Alif Munim

Alif Munim


I'm a fourth-year undergraduate co-op student studying Computer Science and Psychology at Ryerson University. My aim is to achieve a deeper understanding of human perception and reasoning using machine learning. I am primarily interested in its applications in mitigating media bias and aiding biomedical professionals.

I'm incredibly fortunate to be supervised by Dr. Dafna Sussman as a computer vision research assistant at Ryerson's Maternal-Fetal Imaging Lab, located at the iBEST institute. Prior to this, I was supervised by Dr. Eric Yu at the University of Toronto as a research assistant in natural language understanding and business automation.



Academic Experience

Classical vs Deep Learning Methods for Image Segmentation of Small Brain MRI Datasets

A review of approaches to overcome the challenges that exist in biomedical image processing; low segmentation accuracy, small datasets, and low resolution. I worked with Dr. Dafna Sussman, Daniel Nussey, and Rachita Singh at Ryerson's Maternal-Fetal Imaging Laboratory to compare u-nets, fully convolutional networks, and gradient-boosted ensemble models for the segmentation of brain metastases in <100 3D MRI scans.

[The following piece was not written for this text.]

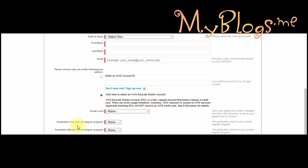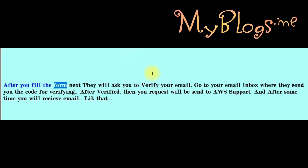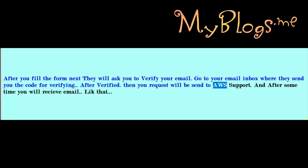Add your graduate level and add the graduation year and month. Add future dates — if you add the wrong date your request will not be approved. Click on next. After you fill the form, they will ask you to verify your email. Go to your email inbox where they sent you the code for verifying. After verified, your request will be sent to AWS support.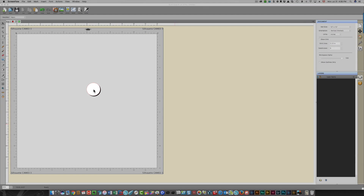Hi everyone, this is Karen. Thanks so much for joining me. This is lesson 14 in my Shortcuts A Lot lessons. In this lesson I'm going to cover the gradient function, which is available in both the Pro and the Basic versions of Shortcuts A Lot for Mac or Windows. I'm using version 4.063 today.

Email Speech Act Classification for Task Automation

A collaborative effort between the University of Toronto and IBM's Center for Advanced Studies (CAS) to extend prior work in speech-act theory and bring it into the realm of deep learning. More specifically, we utilize earlier work by Carvalho and Cohen (2005) defining illocutionary points in "email speech acts" to build taxonomic word embeddings for semantic relatedness. I had the pleasure of being supervised by Dr. Eric Yu during my time contributing to this project. Our work culminated in the launch of IBM Watson Orchestrate, a productivity assistant that won a CES 2022 Innovation Award.



Industry Experience

Building Intelligent Enterprises with IBM Watson AIOps

IBM Cloud Pak for Watson AIOps is an intelligent IT solution for businesses. Using AI for predictive log analytics and anomaly detection, Watson AIOps automates complex IT processes and vastly reduces risk. As a software engineer intern on the Watson AIOps team, I took on a lead role in building efficient data pipelines for data cleaning, feature extraction, and AI training.